Once we had the basic SRI compatibility ensured, it was possible to write SRI- related wrapper plugins.

The first, basic-integrity, makes it possible to statically configure integrity data for specific URLs.

It doesn’t check the integrity itself, just makes sure that integrity data configured for a given URL is added to the request data when the URL is being fetched by LibResilient. Actual verification is assumed to be done by any plugin wrapped by it.

Secondly, integrity-check wrapper plugin uses the SubtleCrypto API to implement integrity check directly in JS.

This makes it possible to check integrity (if present in the request being handled) of content fetched by transport plugins that do not guarantee integrity will be checked by the browser — such as any plugin not using the Fetch API.

Finally, the signed-integrity plugin is a proof-of-concept demonstrating how SRI could be used in LibResilient for sites that are not completely static. For each content URL being fetched it first fetches integrity data from an URL built by appending .integrity to the content URL, expecting a JSON Web Token.

That JWT’s signature is verified using a pre-configured public key (assumption being that it was signed with a related private key on the server).

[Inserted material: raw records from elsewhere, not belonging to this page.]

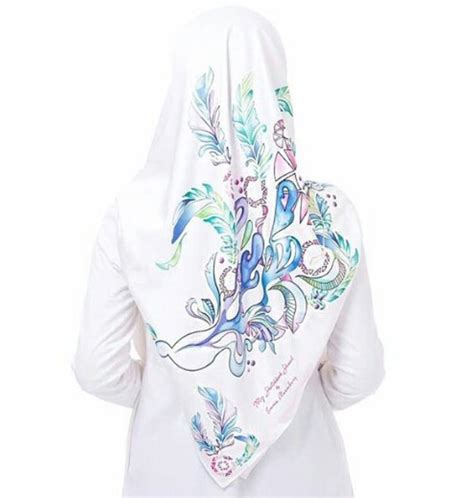 Tahukah anda yang byk produk kecantikan di dlm pasaran banyak yang mengandungi #sls & #paraben. Cantiknya Emma Maembong dengan tudung lukisan sendiri (23 ...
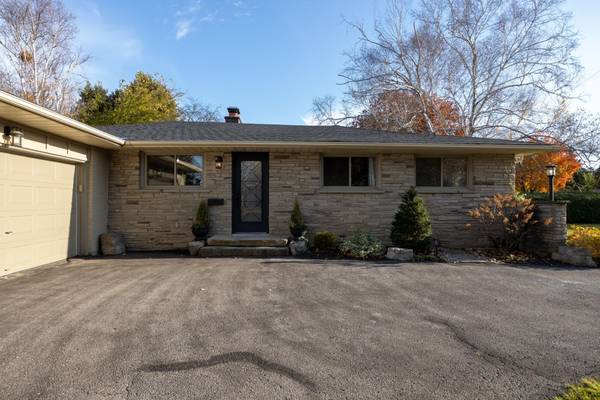 Oshawa, ON L1H 2H8,883 Walnut CT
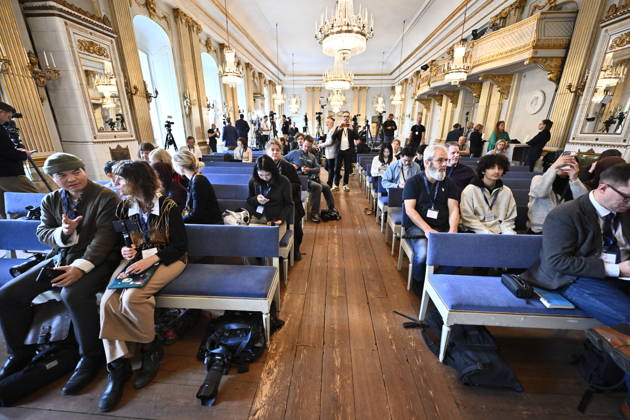 Members of the media and members of the public wait at the Stock Exchange Building (Börshuset) for Ingrid Carlberg, Permanent Secretary of the Swedish Academy, to announce the recipient of the 2026 Nobel Prize in Literature in Stockholm, Sweden, on October 8, 2026 STOCKHOLM SWEDEN x10430x  Copyright: xChristinexOlsson TTx NOBEL PRIZE IN LITERATURE 2026 1-jTJu44twE
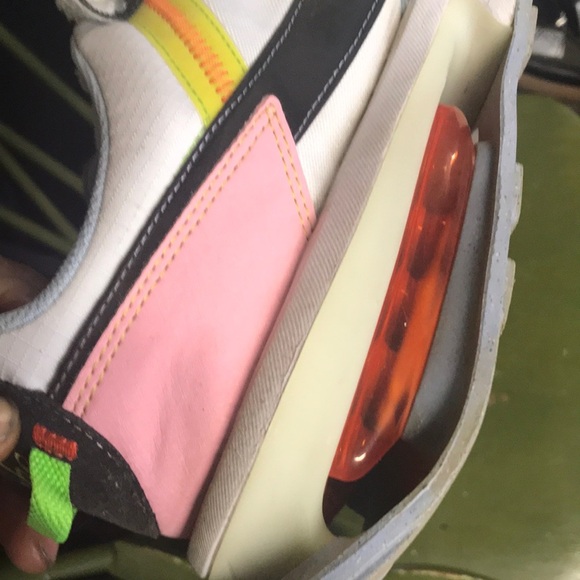 Nike White and Black Sneakers Retro-Inspired Design - Picture 3 of 9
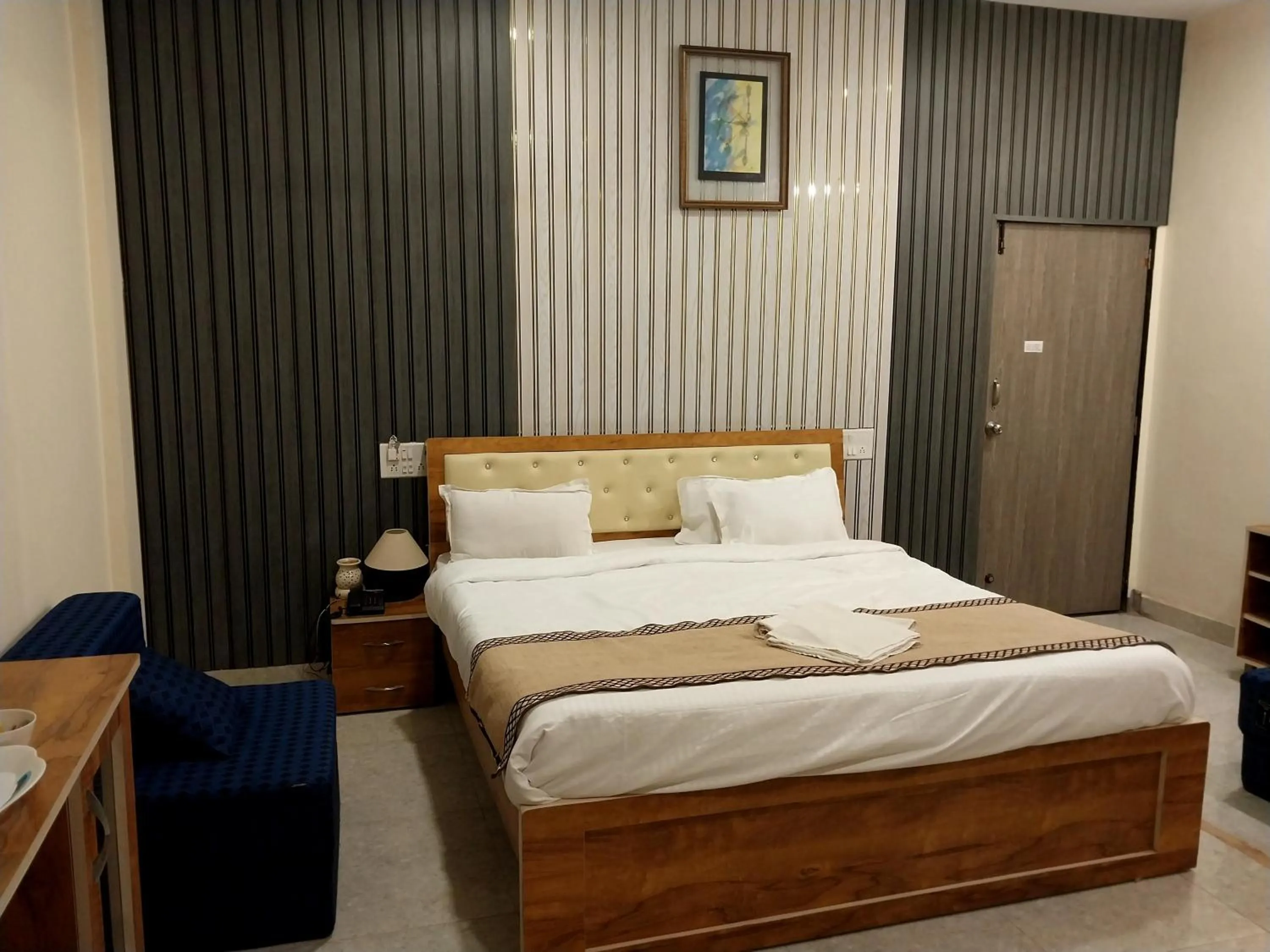 Bed in Mango Valley Resort Ganpatipule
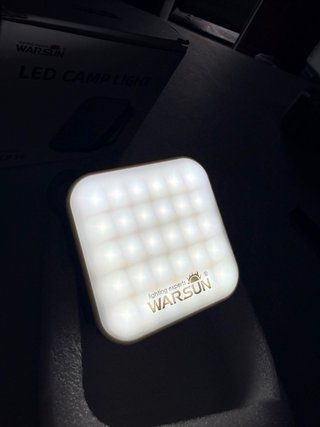Linterna LED WAR SUN 1000 lúmenes solar
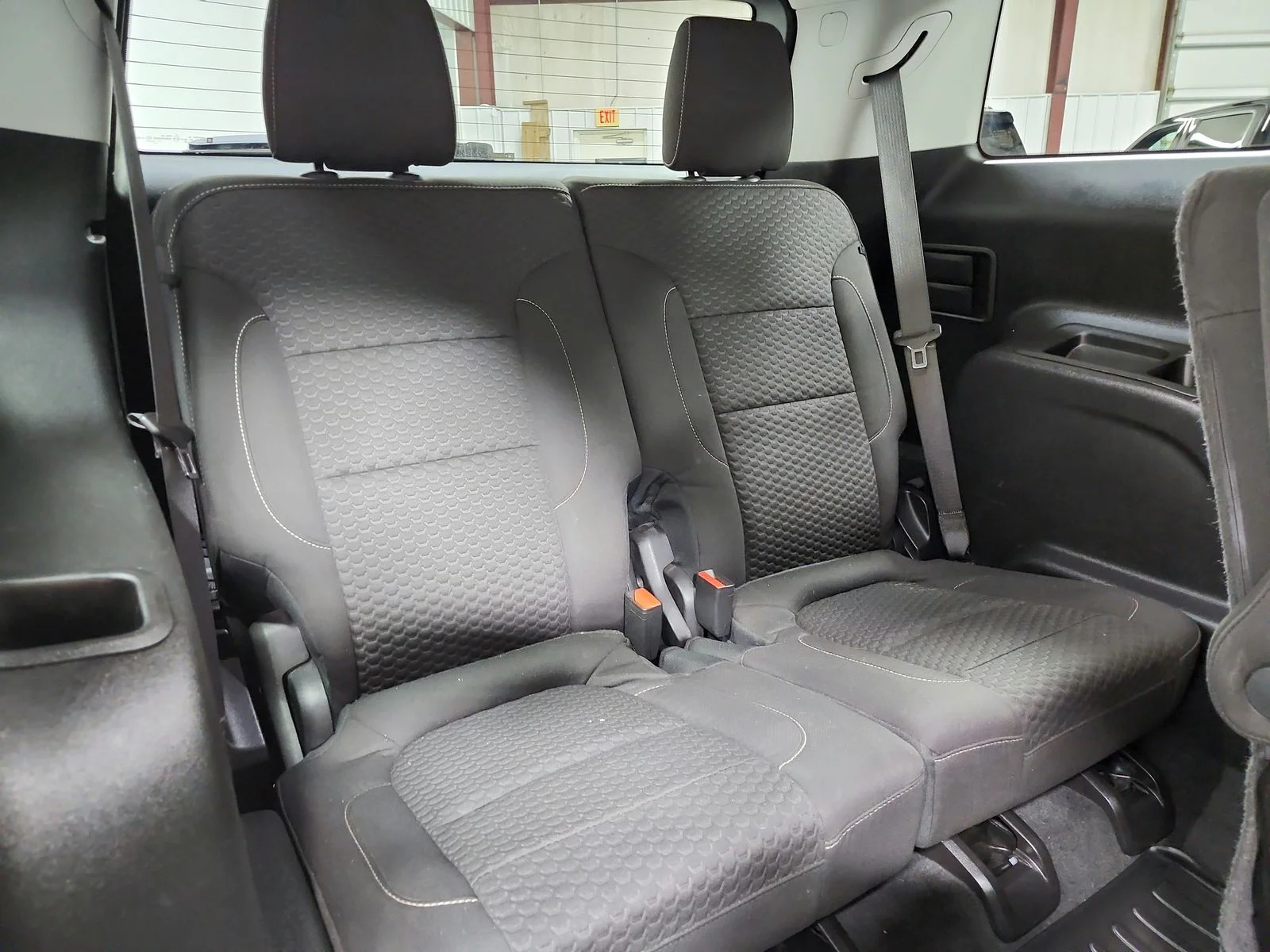 Used 2018 Silver GMC SLE-2 image 42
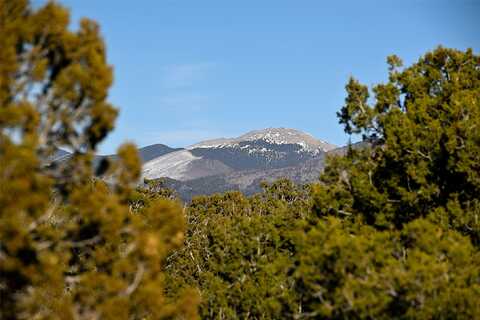 Via Diamante, Santa Fe, NM 87506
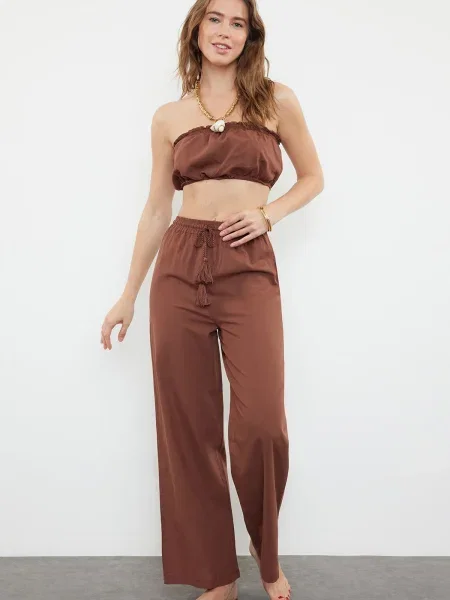 Bluzka Trendyol brązowa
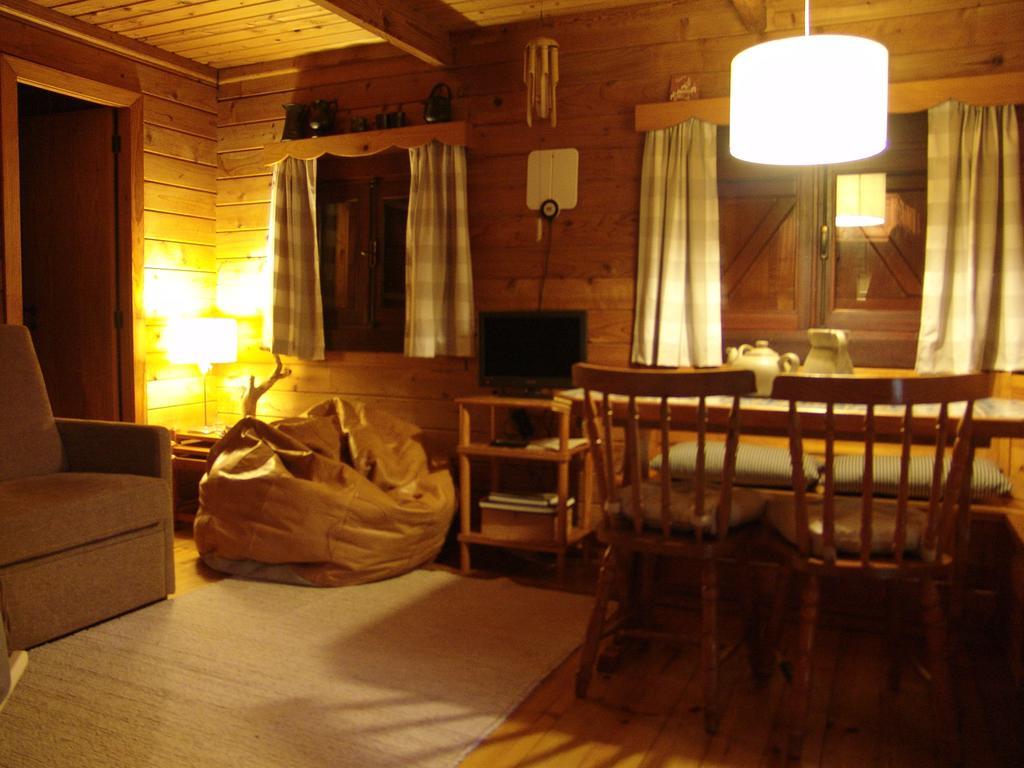Cabana De Santo Antonio Guest House Вила Нова де Сервейра Екстериор снимка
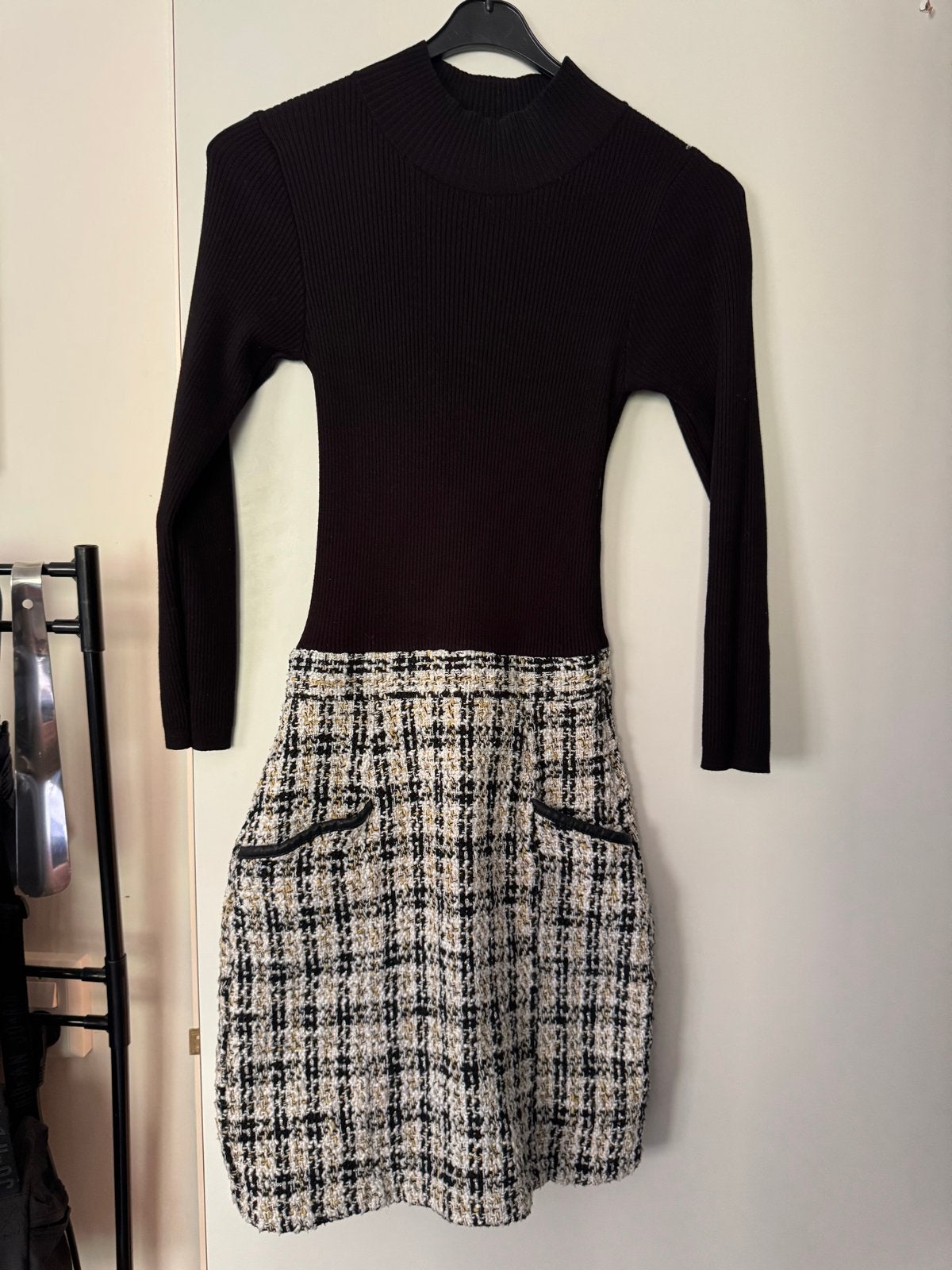 Lipsy London jurk zwart met pied-de-poule rokje, Verzenden, Zwart, Zo goed als nieuw, Maat 34 (XS) of kleiner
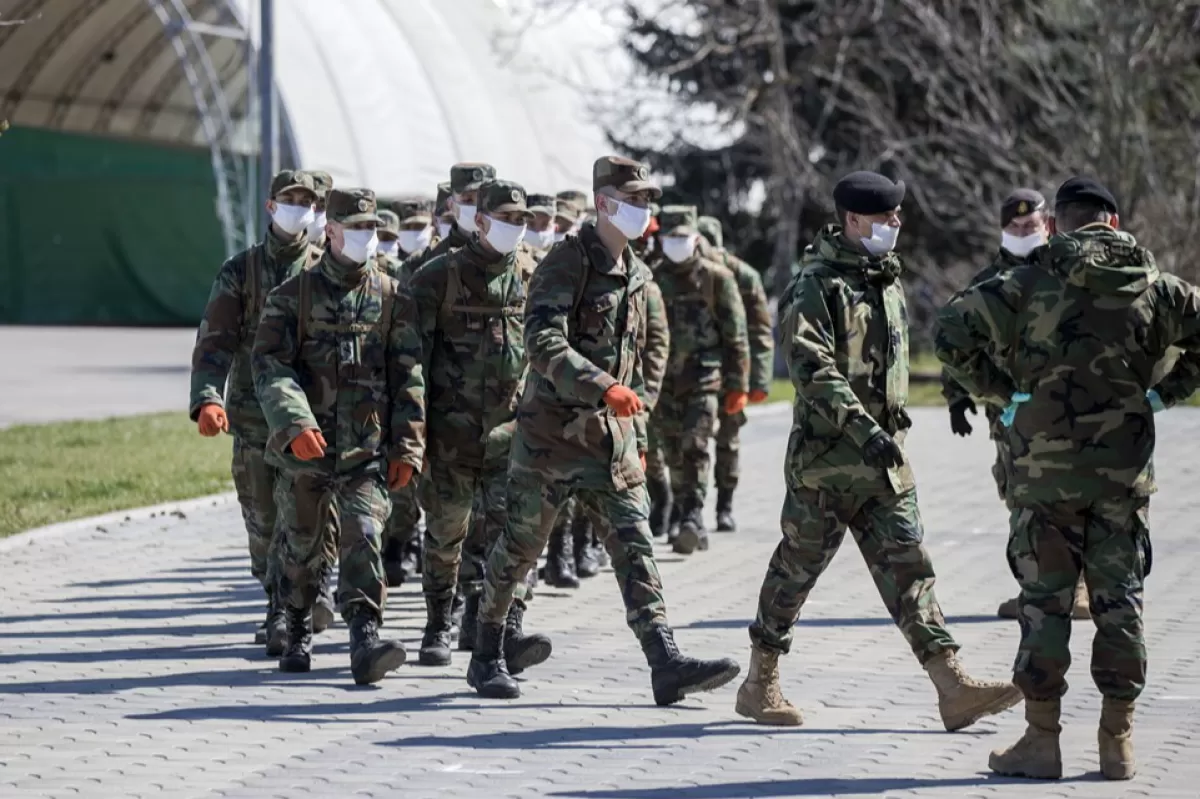 RĂZBOI ÎN UCRAINA: Republica Moldova triplează soldele militarilor în termen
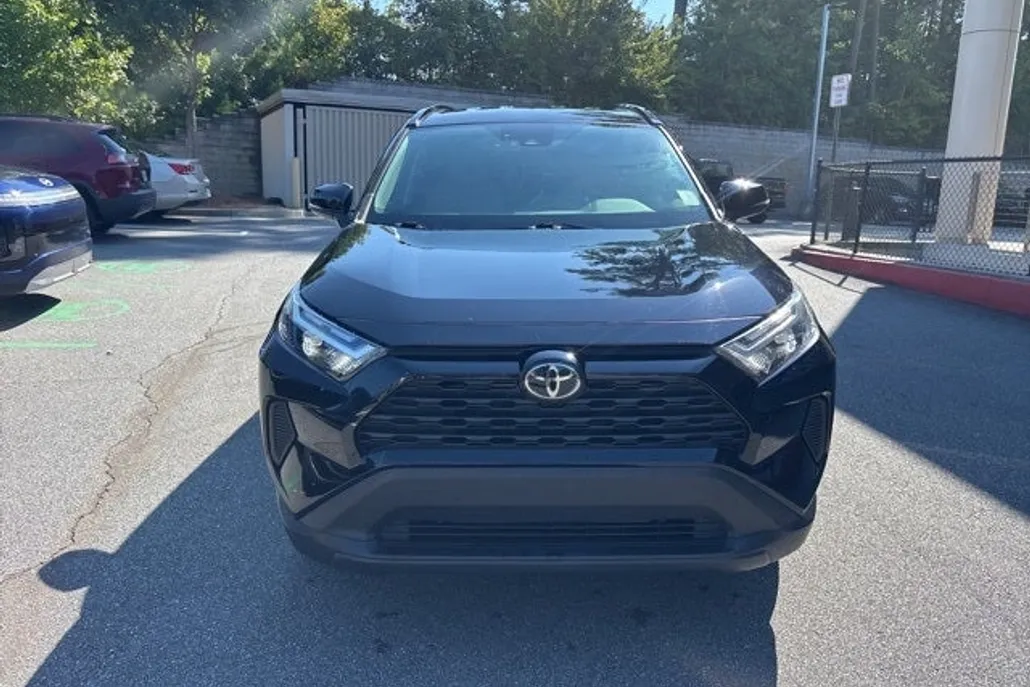 2023 Toyota RAV4 XLE photo 1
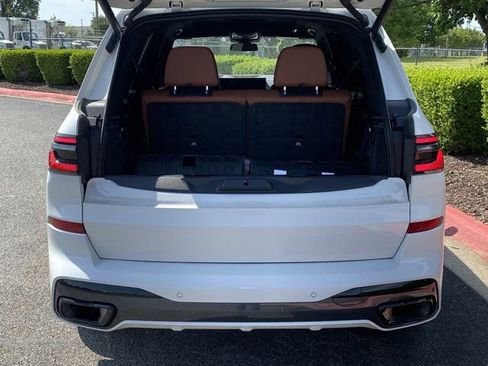 Used 2024 BMW X7 xDrive40i w/ Executive Package AWD/4WD image 7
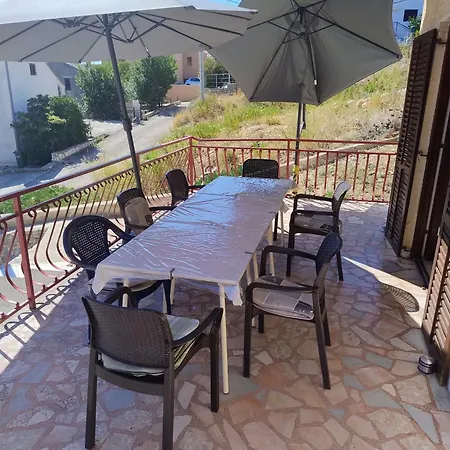 Okruglica House تروغير
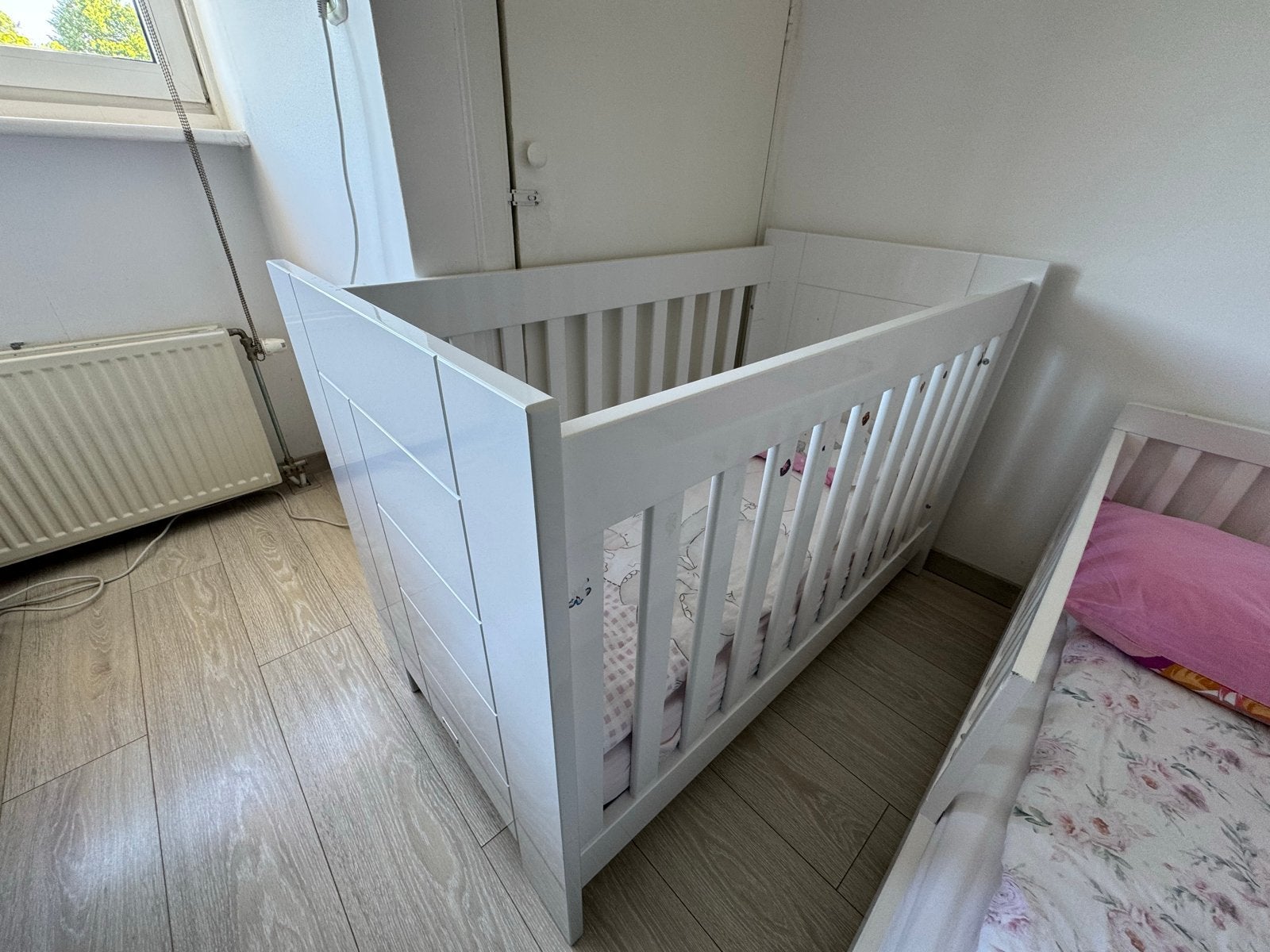 Bopita Ledikant Wit - Zo goed als nieuw, Kinderen en Baby's, Babywiegjes en Ledikanten, Ophalen, Zo goed als nieuw, Ledikant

JWT’s payload should contain an “integrity” field, which is then used to set the SRI data on the request being handled.

The plugin itself does not check integrity, it is assumed that the wrapped plugin will do that check.

By combining these plugins (for example, signed-integrity to retrieve integrity data for content, wrapping the integrity-check plugin that actually verifies integrity of content fetched by a transport plugin wrapped by it in turn) it is possible to provide SRI for transport plugins not built around the Fetch API.

3. Documentation

https://gitlab.com/rysiekpl/libresilient/-/blob/master/docs/CONTENT_INTEGRITY.md

A document on content integrity in the context of LibResilient was also created. It discusses SRI, different available plugins, pros and cons of different approaches to content integrity when using LibResilient, and mentions possible future developments.

Code quality and such

Code written for this milestone is of course covered by tests, and so overall test coverage for the project went up to ~60%.

All of the functionality in this milestone was implemented without any external dependencies (npm and package.json are only used for running the unit tests, and have nothing to do with LibResilient’s browser-side code). The aim remains for LibResilient to be deployable by simply copying a few JS files over to the directory from which a website is served. No dependency hell, no bundling, no stress.

Next steps

Work has already started on the next milestone, focusing on being able to deploy LibResilient configuration changes even when the original website is not available.